The snRNA U6 (unlike U1, U2, U4 and U5) does not associate with the Sm proteins, even though the U6 snRNP is a central component in the spliceosome. In 1999 a protein heteromer was found that binds specifically to U6, and consisted of seven proteins clearly homologous to the Sm proteins. These proteins were denoted LSm (like Sm) proteins (LSm1, LSm2, LSm3, LSm4, LSm5, LSm6 and LSm7), with the similar LSm8 protein identified later. In the bacterium Escherichia coli, the Sm-like protein HF-I encoded by the gene hfq was described in 1968 as an essential host factor for RNA bacteriophage Qβ replication. The genome of Saccharomyces cerevisiae (Baker's Yeast) was sequenced in the mid-1990s, providing a rich resource for identifying homologs of these human proteins. Subsequently, as more eukaryotes genomes were sequenced, it became clear that eukaryotes, in general, share homologs to the same set of seven Sm and eight LSm proteins. Soon after, proteins homologous to these eukaryote LSm proteins were found in Archaea (Sm1 and Sm2) and Bacteria (Hfq and YlxS homologs). The archaeal LSm proteins are more similar to the eukaryote LSm proteins than either are to bacterial LSm proteins. The LSm proteins described thus far were rather small proteins, varying from 76 amino acids (8.7 kD molecular weight) for human SmG to 231 amino acids (29 kD molecular weight) for human SmB. But recently, larger proteins have been discovered that include a LSm structural domain in addition to other protein structural domains (such as LSm10, LSm11, LSm12, LSm13, LSm14, LSm15, LSm16, ataxin-2, as well as archaeal Sm3).

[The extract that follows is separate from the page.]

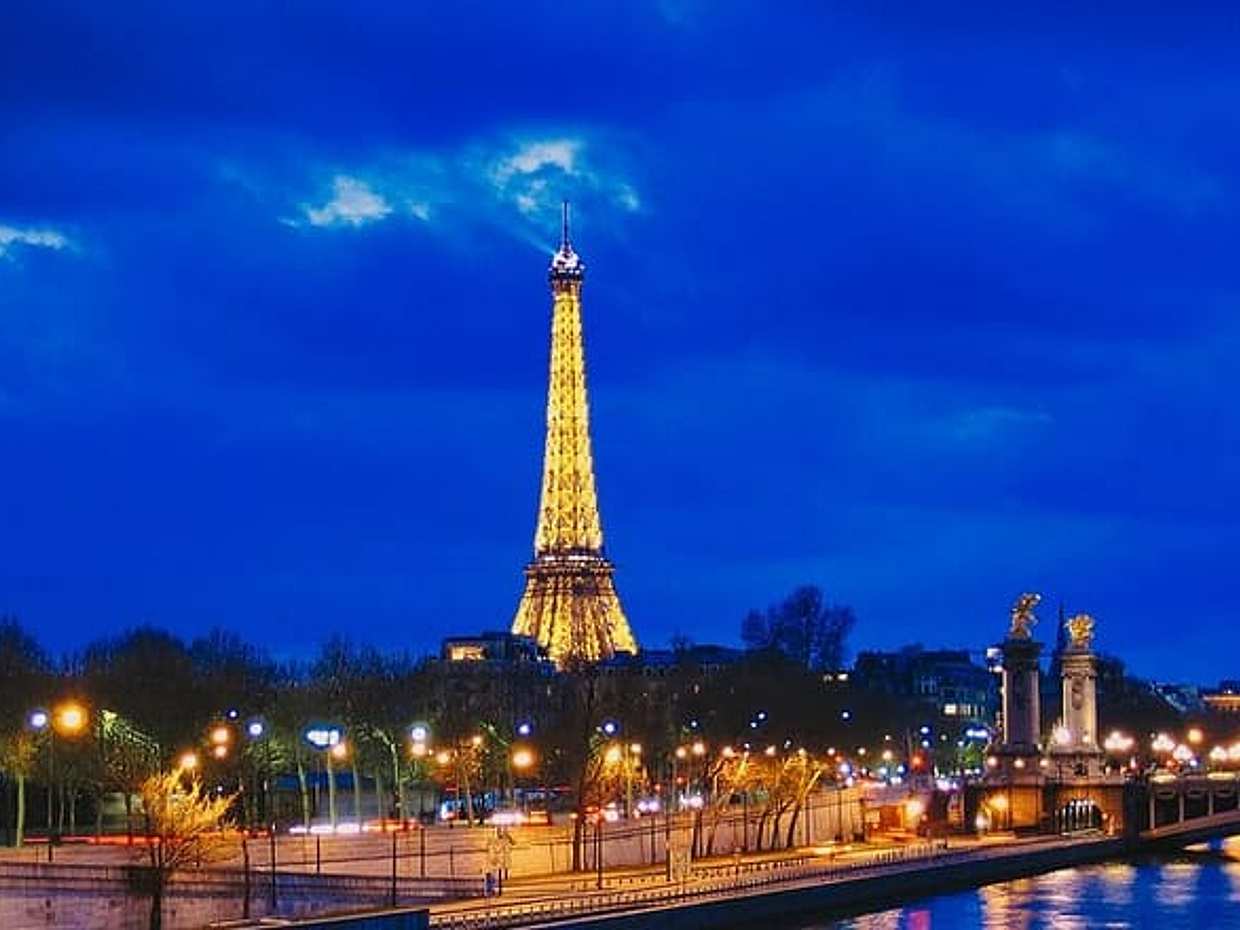 Private Disneyland trip with Eiffel Tower, photo 5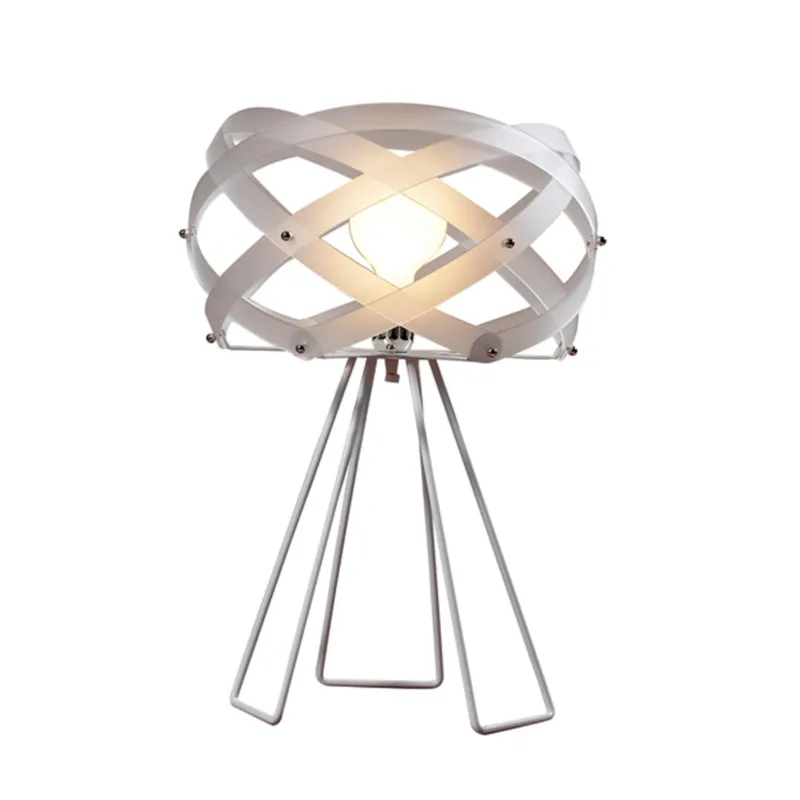 Prezzo Ridotto Lampada da Tavolo Nuclea Ø40xh58 cm con supporto in metallo verniciato paralume in bianco satinato Emporium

Around 1995, comparisons between the various LSm homologs identified two sequence motifs, 32 nucleic acids long (14 amino acids), that were very similar in each LSm homolog, and were separated by a non-conserved region of variable length. This indicated the importance of these two sequence motifs (named Sm1 and Sm2), and suggested that all LSm protein genes evolved from a single ancestral gene. In 1999, crystals of recombinant Sm proteins were prepared, allowing X-ray crystallography and determination of their atomic structure in three dimensions. This demonstrated that the LSm proteins share a similar three-dimensional fold of a short alpha helix and a five-stranded folded beta sheet, subsequently named the LSm fold. Other investigations found that LSm proteins assemble into a torus (doughnut-shaped ring) of six or seven LSm proteins, and that RNA binds to the inside of the torus, with one nucleotide bound to each LSm protein.